Let’s look at the rhyme issue first. Many people say “We need to get rid of all the thee’s and thou’s in old hymns, just like the ESV, NIV and other modern Bible versions have gotten rid of those King James-era pronouns.”
Makes sense, but it isn’t that easy because unlike the Bible, hymns typically rhyme. Rhyme is the major memory device in song, and if you lose it, you make it harder for congregations to remember it, to sing it … even to like it.
Hymn writers often used pronouns like “thee,” “thine” and “thou” as end-rhymes, for these reasons:
- Good songwriters and poets know that the last word of a line is important. Since those archaic pronouns usually refer to God, using them at the end of the line puts the emphasis on God — the most important being in the universe.
- Those vowel sounds are pleasant to sing and hear, and the hymnodist can find many rhymes for them.

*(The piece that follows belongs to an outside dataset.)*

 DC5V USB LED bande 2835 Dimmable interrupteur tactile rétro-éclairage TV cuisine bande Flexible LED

So while it’s easy to change “I need Thee every hour” to “I need You every hour,” what are you going to do with:
Was ever grief like Thine,
Or debt of sin so vast as mine?
(hymn text by Samuel J. Stone, 1866. New recording from Cardiphonia’s Hymns Of Faith project)
You would have to alter the couplet to come up with a rhyme for “Was ever grief like Yours,” which might take the song in a different direction. So updating archaic words and phrases can be a big deal, particularly if you change the end rhyme.

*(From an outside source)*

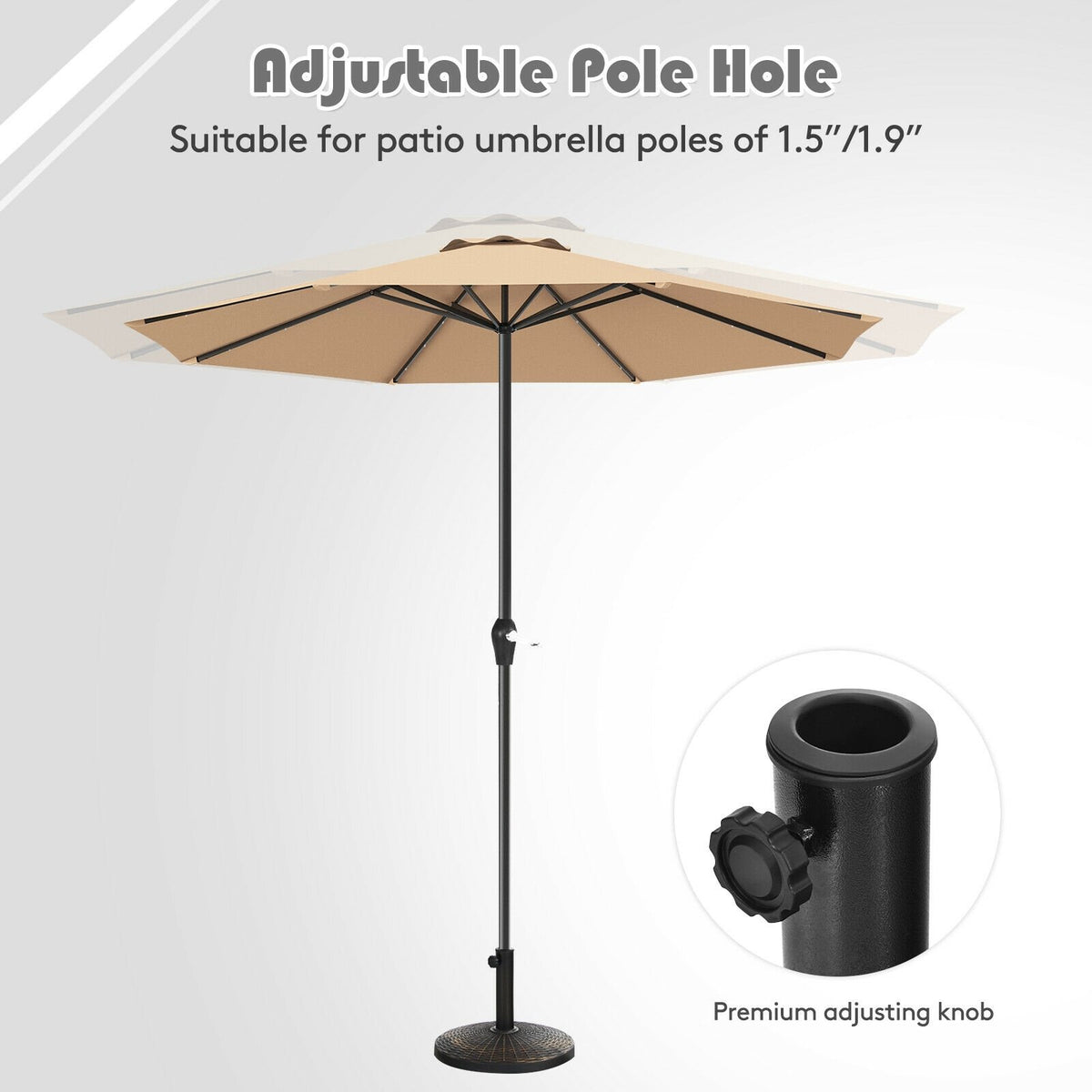 27 lbs Patio Market Umbrella Base Stand view 9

Wren’s next point is to respect the stress patterns. If you change a word like “aloft” to “flying” you may think you’re okay because you’ve substituted one two-syllable word for another. But “aloft” is an iamb (two-syllable unit with the stress on the second syllable). “Flying” is a trochee (two-syllable unit with the stress on the first). Say them aloud and you’ll hear the difference:
aLOFT
FLYing
So your substitution may cause singers to “place the wrong emPHAsis on the wrong syLAble.”
This is why Wren’s third point is crucial. Sing these lyrics to yourself long before you sing them to anyone else. If something doesn’t sound right to you, don’t ignore it. Keep working on your rewrite, and maybe even consider if you should just stick with the original text.
I changed several phrases on Isaac Watts’s Hymn 95 and, with Neil Robins and Dave Moisan, added a chorus. The first line provides a quick example. I changed:
“Not all the outward forms of earth”
to
“Not any government on earth”
The original is fine but I wanted to emphasize something that modern audiences need to hear, in this age of faith in democracy and political reform. Government can’t save us.
But my aim for this song (and most of my other songs in Sojourn’s Isaac Watts Project) was not to come up with a new melody for an old hymn. It was to use Watts’s work as a starting off point — to be a “music expeditionary” like one of my other songwriting heroes, Bob Dylan (see my article about how Bob Dylan uses older folk ballads in his own songwriting).
Sojourn Worship Pastor Mike Cosper gave his songwriters freedom in our Isaac Watts Project. Some of us wrote songs inspired by the hymns of Isaac Watts, some wrote songs that are adaptations of one or more Watts hymns, and some simply wrote new melodies for Watts hymns.
All of these are fine, but if you’re going to simply use an old hymn as a basis for a new song, then just give it a new title and call it what it is: a new song adapted from or inspired by an old one. I would never try to pass off “We Are Changed” by Bobby Gilles, Dave Moisan and Neil Robins as “Not All The Outward Forms of Earth (Hymn 95)” by Isaac Watts.
Summation:
- Think about what you’re doing. Are you writing a new song inspired by or based on an older one?
- If you want to stay more true to the original text, ask yourself if you need to change the lyrics at all.
- If so, proceed carefully, preserving meter and meaning, and preserving rhyme when you can.
- Say and sing the words aloud (you should do this every time you write a song, anyway).